US banks could get slammed with another $160 billion in losses as commercial real estate faces its biggest crash since 2008

US banks could get slammed with another $160 billion in losses as commercial real estate faces its biggest crash since 2008, per BI.


According to a recent working paper by researchers from USC, Columbia, Stanford, and Northwestern, which assessed the impact of prolonged higher interest rates on the commercial real estate industry and the US banking system, potential distress is looming. The paper, titled "Monetary Tightening, Commercial Real Estate Distress, and US Bank Fragility," examined the consequences of the Fed's aggressive rate hikes in 2022. It estimated that due to declines in property values from rate hikes and the rise of remote work, approximately 14% of all loans and 44% of office loans are in negative equity, where current values are lower than outstanding loan balances.

As a result, 10%-20% of all commercial real estate loans could potentially default, which is on the lower end of what the default rate was estimated to be during the Great Financial Crisis. This could lead to banks experiencing around $160 billion in losses, according to the paper. The researchers warned that if interest rates remain elevated and property values do not recover, default rates could potentially reach or even surpass those seen during the Great Recession.

Concerns are also rising about the commercial real estate space, given that the industry has approximately $1.5 trillion in debt set to mature in the coming years.
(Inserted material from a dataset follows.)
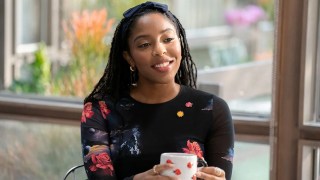 ‘Shrinking’ Star Jessica Williams on Working with a Wayans and Watching Harrison ‘the GOAT’ Ford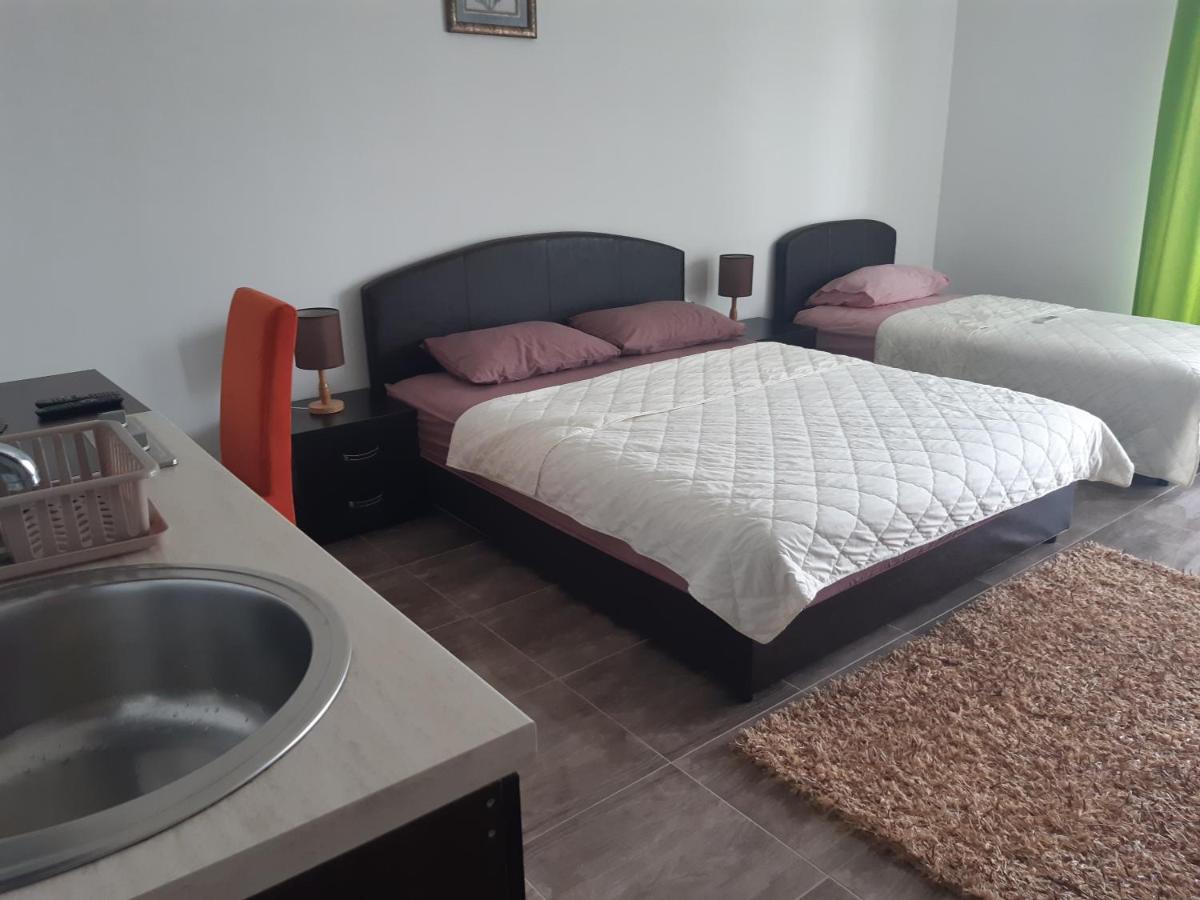 Zara Apartments Ulcinj Esterno foto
The possibility of additional bank losses raises fears of another bank run, similar to the one that affected Silicon Valley Bank and other lenders earlier this year. The paper estimated that if half of uninsured depositors empty their accounts, losses related to commercial real estate could lead to 31 to 67 smaller regional banks becoming insolvent. Another 340 banks could face insolvency due to losses stemming from higher interest rates.

The paper concluded by stating that banks' exposure to commercial real estate loan distress, combined with the decline in banks' asset values following the monetary tightening of 2022, significantly erodes their ability to withstand adverse credit events, leaving them susceptible to significant solvency risk. Investors are closely monitoring the stability of the US banking system, especially after Moody's lowered its credit rating for 10 large- and mid-sized US banks in August and placed another group of banks under review, partly due to higher risks on bank assets.